Until recently, buildings could be billed “child friendly” if they had a windowless room painted in Crayola hues and furnished with indestructible plastic playthings—a “perk” that loses its charm as the toys get grubby. But with condos flooding the market, many in family neighborhoods like the Upper East and West sides, developers must up the ante. And that they have. At Apollo Real Estate Advisors’ 10 West End Avenue—next to Element—little ones can amuse themselves in an abridged version of the Children’s Museum of Manhattan’s fall exhibit “Playworks,” with a “challenge course” for crawlers, an “imagination area,” and possibly some classes by museum staff. At 170 East End Avenue, architect Peter Marino is designing 12,000 square feet of amenities, more than half of which target kids up to age 16, including an art studio, a game center, and a wi-fi lounge. (According to one broker, a recent concert for buyers featuring Laurie Berkner, the preschool set’s Madonna, was the “event of the year.”) Extell Development’s Rushmore, at Riverside Boulevard and 64th Street, and a yet-unnamed tower on Lexington Avenue will feature a playspace co-designed by Kidville, which has two uptown locations. And at Brooklyn’s Court Street Lofts, developer Jane Gladstein has hired a “nanny concierge” who arranges everything from classes to playdates.

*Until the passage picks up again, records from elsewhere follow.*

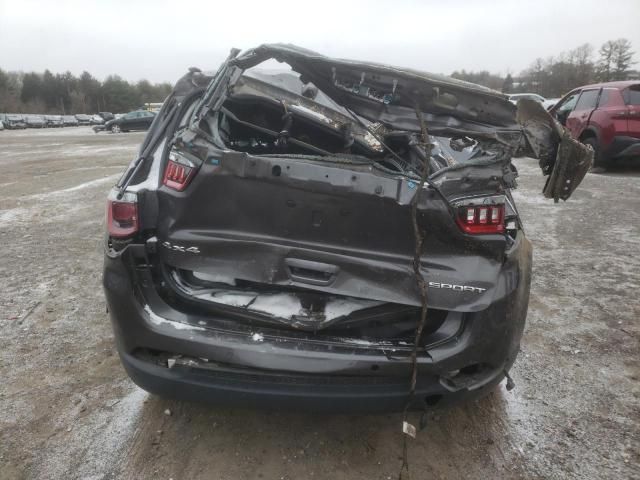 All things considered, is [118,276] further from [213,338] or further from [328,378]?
[328,378]

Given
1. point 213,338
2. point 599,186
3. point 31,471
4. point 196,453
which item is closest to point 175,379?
A: point 213,338

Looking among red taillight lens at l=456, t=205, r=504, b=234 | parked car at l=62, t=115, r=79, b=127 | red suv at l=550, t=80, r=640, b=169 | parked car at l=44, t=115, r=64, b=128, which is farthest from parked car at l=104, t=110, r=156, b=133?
red taillight lens at l=456, t=205, r=504, b=234

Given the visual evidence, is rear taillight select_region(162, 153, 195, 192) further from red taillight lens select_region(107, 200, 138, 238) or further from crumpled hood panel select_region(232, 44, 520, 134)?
crumpled hood panel select_region(232, 44, 520, 134)

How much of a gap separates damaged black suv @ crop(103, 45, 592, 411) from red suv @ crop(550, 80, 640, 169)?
8.10 m

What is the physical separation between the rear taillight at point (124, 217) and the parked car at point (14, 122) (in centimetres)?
5393

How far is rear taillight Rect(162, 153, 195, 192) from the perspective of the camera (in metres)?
2.06

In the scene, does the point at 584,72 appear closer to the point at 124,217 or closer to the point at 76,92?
the point at 124,217

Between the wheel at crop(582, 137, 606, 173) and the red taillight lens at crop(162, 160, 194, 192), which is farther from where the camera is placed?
the wheel at crop(582, 137, 606, 173)

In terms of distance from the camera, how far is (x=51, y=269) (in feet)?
14.8

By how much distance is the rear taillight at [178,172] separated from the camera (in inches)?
81.0

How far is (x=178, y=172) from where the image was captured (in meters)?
2.09

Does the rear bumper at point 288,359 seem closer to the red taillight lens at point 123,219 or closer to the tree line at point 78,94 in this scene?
the red taillight lens at point 123,219

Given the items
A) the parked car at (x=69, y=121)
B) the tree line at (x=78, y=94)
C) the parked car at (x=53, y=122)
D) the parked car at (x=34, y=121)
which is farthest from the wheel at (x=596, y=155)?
the tree line at (x=78, y=94)

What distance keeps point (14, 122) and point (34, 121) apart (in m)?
2.74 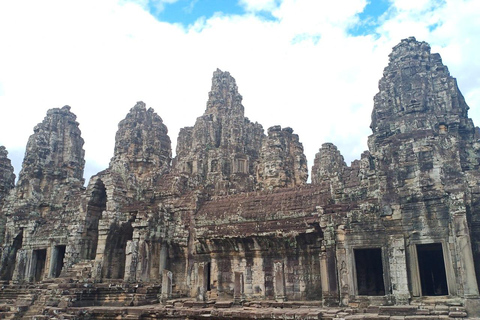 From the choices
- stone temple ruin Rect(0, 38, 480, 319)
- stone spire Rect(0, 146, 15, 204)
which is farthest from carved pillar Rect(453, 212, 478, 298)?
stone spire Rect(0, 146, 15, 204)

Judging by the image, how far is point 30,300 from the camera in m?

Malloy says she and her family intend to make the most of the facilities, but even if they don’t, they bring a “social aspect” to the building that she appreciates. “That I’m in a building catering to families and that [increases] the odds that my daughters will find playmates definitely appealed to me,” she says. Next: Blythe Danner Moving Again

Danner Doesn’t Settle
Just seven months after we reported Blythe Danner’s purchase of a two-bedroom, two-bath co-op with a view of Washington Square Park, the actress appears to be moving again. Danner, who won an Emmy in 2005 (and is nominated again this year) for her role in Showtime’s Huff, has put the apartment on sale for $1.8 million—up from an initial price of $1.625 million—and seems to have a buyer already, since the listing, which is being handled by Corcoran’s Carter Wilcox, is marked as being “in contract.” (Wilcox didn’t return calls asking for details.) She’ll be leaving Jessica Lange and Sam Shepard, her upstairs neighbors; no word on whether she’ll follow her daughter, Gwyneth Paltrow, down to Tribeca.

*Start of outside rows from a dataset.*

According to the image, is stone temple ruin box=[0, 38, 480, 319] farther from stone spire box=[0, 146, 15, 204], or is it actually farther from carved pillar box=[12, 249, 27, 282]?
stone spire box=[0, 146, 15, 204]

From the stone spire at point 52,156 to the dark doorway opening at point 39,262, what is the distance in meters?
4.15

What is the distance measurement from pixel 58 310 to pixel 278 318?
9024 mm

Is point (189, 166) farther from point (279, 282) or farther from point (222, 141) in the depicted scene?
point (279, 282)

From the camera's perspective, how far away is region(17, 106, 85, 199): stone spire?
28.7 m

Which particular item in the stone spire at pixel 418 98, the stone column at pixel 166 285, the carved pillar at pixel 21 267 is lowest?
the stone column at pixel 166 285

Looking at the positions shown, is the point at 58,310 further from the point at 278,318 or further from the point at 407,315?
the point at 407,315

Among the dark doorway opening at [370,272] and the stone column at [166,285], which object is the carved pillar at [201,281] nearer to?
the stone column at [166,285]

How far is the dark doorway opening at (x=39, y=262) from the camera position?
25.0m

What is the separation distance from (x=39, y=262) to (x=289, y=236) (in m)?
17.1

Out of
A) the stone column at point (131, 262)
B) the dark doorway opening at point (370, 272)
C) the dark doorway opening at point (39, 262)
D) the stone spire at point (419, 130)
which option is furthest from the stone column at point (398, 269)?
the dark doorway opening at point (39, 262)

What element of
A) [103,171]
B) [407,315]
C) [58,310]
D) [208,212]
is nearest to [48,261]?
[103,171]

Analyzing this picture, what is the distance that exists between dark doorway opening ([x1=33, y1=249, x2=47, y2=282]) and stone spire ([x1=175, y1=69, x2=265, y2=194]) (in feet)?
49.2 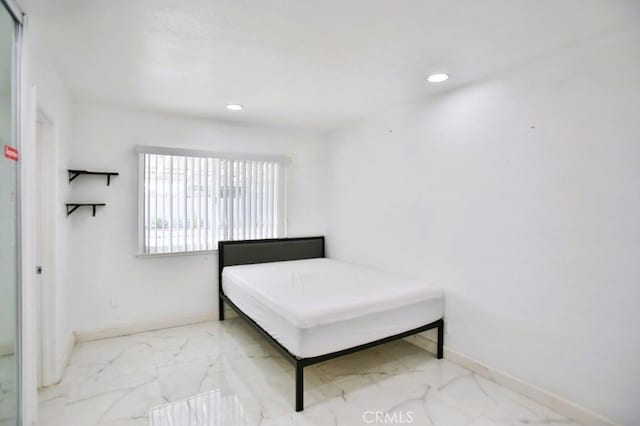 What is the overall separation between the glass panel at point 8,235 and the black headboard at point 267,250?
2.35 meters

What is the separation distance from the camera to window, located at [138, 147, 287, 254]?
378 centimetres

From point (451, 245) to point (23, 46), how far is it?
10.7 feet

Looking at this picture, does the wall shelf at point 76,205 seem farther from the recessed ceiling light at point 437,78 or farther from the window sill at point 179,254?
the recessed ceiling light at point 437,78

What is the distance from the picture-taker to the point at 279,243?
14.7 ft

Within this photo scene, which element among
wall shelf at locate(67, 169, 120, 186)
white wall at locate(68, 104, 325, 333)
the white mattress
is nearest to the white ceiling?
white wall at locate(68, 104, 325, 333)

Also downtown, NY1’s society reporter George Whipple—he of the high-energy manner and monumental eyebrows—was spotted looking at a condo at Rutherford Place, near Stuyvesant Square Park on Second Avenue. Next: Prospective Buyers on a Broadway One-Bedroom

2025 Broadway, Apartment 23F
One-bedroom, one-bath, 670-square-foot co-op.
Asking Price: $529,000.
Maintenance: $1,300 per month.
Broker: Elizabeth Butler, Mark David & Co.

Who: Robert Nuzzolese (pictured), managing director, Nuzzolese Brothers Ice Corporation.
What are you shopping for? A studio or one-bedroom. I live on Long Island, we’re expanding to Manhattan, and I want a base in the city.
What do you think? It’s kind of small, but since I’ve been looking at houses on Long Island, I think I have to get used to the lack of space. I like the marble bathroom, but I’d get into the next millennium with the appliances. If I can keep the plasma TV, that’d be great!

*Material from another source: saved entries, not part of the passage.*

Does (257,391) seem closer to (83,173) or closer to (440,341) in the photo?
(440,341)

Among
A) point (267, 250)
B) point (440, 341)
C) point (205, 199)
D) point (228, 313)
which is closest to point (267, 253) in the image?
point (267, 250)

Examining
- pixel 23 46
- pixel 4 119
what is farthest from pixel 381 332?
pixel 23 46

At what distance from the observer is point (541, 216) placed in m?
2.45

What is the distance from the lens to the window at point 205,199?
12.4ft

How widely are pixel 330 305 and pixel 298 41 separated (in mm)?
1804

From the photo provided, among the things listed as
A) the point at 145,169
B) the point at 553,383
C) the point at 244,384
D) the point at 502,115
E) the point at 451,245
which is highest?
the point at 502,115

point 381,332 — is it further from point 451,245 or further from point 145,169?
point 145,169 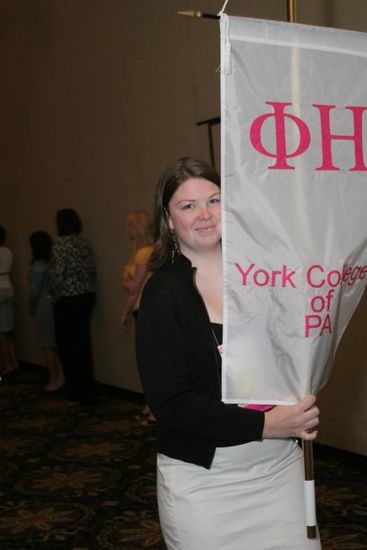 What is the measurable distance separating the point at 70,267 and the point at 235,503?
437cm

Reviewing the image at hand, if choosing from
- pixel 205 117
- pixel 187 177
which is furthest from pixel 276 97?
pixel 205 117

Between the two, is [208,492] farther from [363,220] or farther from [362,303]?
[362,303]

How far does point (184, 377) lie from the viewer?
161cm

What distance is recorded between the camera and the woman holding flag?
1.59 m

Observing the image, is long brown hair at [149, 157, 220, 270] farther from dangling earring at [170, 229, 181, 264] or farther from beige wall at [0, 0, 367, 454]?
beige wall at [0, 0, 367, 454]

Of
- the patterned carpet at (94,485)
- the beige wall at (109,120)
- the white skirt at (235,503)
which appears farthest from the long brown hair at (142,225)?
the white skirt at (235,503)

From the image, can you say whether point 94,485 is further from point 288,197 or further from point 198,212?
point 288,197

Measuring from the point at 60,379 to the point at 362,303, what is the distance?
367 centimetres

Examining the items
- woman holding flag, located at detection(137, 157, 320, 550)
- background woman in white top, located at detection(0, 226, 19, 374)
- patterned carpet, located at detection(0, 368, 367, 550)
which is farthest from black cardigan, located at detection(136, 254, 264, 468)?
background woman in white top, located at detection(0, 226, 19, 374)

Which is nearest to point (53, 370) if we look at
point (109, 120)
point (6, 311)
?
point (6, 311)

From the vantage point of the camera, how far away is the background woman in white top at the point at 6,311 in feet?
24.3

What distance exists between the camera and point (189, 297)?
65.9 inches

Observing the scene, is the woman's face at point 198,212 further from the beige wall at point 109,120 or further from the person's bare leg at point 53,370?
the person's bare leg at point 53,370

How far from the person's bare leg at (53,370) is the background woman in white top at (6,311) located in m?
0.95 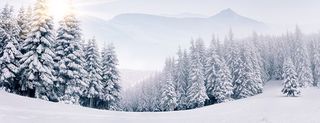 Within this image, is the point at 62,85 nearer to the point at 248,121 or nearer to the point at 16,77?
the point at 16,77

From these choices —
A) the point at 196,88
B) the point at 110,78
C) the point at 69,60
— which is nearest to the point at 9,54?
the point at 69,60

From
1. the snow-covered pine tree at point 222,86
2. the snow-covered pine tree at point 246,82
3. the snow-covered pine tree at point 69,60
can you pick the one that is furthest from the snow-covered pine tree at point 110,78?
the snow-covered pine tree at point 246,82

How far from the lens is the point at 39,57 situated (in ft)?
133

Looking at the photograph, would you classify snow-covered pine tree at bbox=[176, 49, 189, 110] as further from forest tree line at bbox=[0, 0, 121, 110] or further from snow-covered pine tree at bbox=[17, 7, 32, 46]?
snow-covered pine tree at bbox=[17, 7, 32, 46]

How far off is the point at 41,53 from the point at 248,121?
2563cm

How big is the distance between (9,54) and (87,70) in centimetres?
1483

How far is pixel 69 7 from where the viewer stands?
4794 centimetres

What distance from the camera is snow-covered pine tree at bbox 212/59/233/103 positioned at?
235ft

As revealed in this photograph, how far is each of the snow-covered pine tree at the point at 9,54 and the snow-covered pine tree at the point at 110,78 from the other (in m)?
17.9

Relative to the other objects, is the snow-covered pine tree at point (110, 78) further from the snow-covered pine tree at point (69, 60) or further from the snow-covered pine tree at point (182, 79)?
the snow-covered pine tree at point (182, 79)

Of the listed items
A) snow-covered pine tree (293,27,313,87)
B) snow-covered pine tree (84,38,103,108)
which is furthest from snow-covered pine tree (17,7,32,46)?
snow-covered pine tree (293,27,313,87)

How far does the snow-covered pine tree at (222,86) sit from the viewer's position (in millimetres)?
71731

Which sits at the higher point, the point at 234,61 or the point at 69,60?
the point at 234,61

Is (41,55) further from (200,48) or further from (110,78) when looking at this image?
(200,48) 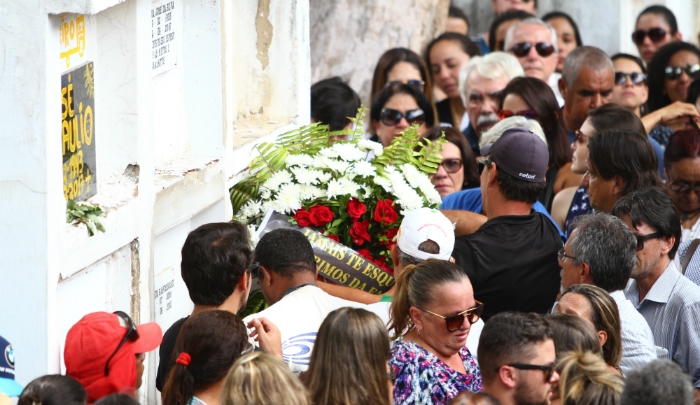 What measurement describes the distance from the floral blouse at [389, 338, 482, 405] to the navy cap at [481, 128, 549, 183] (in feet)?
4.66

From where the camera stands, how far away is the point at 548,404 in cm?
351

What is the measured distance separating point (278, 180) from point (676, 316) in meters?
2.09

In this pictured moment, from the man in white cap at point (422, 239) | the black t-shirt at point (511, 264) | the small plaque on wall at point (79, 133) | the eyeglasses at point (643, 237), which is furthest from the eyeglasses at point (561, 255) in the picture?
the small plaque on wall at point (79, 133)

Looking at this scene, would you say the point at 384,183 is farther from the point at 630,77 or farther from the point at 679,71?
the point at 679,71

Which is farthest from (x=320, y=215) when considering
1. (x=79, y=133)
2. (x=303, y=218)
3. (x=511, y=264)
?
(x=79, y=133)

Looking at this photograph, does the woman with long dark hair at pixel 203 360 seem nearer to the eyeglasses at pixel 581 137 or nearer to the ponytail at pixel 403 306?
the ponytail at pixel 403 306

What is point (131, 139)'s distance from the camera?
4305 millimetres

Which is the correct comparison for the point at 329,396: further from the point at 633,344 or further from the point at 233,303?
the point at 633,344

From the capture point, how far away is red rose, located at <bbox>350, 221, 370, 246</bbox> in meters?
5.20

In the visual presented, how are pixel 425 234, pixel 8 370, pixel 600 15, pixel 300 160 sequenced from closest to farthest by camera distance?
pixel 8 370 < pixel 425 234 < pixel 300 160 < pixel 600 15

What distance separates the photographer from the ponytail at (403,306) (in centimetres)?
404

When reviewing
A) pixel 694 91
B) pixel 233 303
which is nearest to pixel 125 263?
pixel 233 303

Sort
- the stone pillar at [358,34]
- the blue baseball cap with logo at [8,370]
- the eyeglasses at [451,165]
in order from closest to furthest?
1. the blue baseball cap with logo at [8,370]
2. the eyeglasses at [451,165]
3. the stone pillar at [358,34]

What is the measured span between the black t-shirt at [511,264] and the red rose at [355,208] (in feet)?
1.86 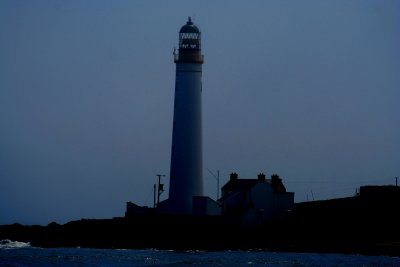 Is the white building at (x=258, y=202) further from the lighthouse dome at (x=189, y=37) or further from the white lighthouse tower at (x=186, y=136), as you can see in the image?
the lighthouse dome at (x=189, y=37)

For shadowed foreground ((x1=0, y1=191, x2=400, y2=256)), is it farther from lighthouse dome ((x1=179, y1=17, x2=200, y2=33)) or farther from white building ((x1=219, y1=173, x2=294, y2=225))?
lighthouse dome ((x1=179, y1=17, x2=200, y2=33))

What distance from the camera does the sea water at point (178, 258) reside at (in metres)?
51.0

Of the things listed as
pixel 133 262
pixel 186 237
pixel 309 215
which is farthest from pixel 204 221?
pixel 133 262

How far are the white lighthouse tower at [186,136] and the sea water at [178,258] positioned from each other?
12.4 feet

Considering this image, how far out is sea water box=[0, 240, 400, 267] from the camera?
5100 cm

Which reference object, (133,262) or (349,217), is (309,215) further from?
(133,262)

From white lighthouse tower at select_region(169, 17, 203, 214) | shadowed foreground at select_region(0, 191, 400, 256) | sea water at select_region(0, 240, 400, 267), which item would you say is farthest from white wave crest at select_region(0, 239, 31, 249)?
white lighthouse tower at select_region(169, 17, 203, 214)

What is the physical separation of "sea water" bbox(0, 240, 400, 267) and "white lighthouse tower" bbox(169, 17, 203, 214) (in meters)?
3.79

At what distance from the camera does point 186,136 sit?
64.3 meters

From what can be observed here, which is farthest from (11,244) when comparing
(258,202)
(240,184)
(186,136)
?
(258,202)

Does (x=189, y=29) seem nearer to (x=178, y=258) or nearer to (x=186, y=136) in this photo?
(x=186, y=136)

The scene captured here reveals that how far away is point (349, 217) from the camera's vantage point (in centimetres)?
6519

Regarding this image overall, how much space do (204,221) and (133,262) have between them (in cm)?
1260

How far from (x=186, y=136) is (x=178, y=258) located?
1068 centimetres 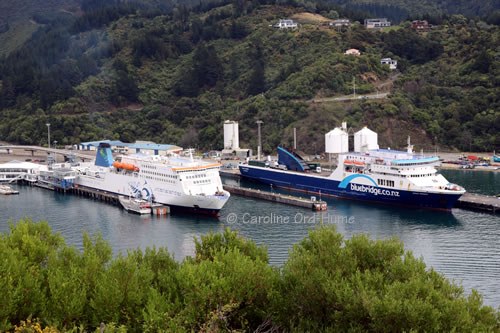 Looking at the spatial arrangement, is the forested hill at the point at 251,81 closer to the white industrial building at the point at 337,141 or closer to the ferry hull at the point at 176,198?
the white industrial building at the point at 337,141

Who: Patrick Brown, banker.
What are you shopping for? I definitely want a doorman—I get lots of packages, and I entertain a lot. I’ve been looking for a month, but I haven’t been happy with what I’ve seen.
What do you think? I like the floors. I hate parquet … and every time I walk into a prewar—bam, parquet!

Who: Barbara Roston, IT manager.
What are you shopping for? A one-bedroom uptown, below 86th Street preferably.
What do you think? The view’s beautiful—it truly is—but it only gets you so far. I have four grown-up kids I make Thanksgiving dinner for, and that kitchen’s questionable.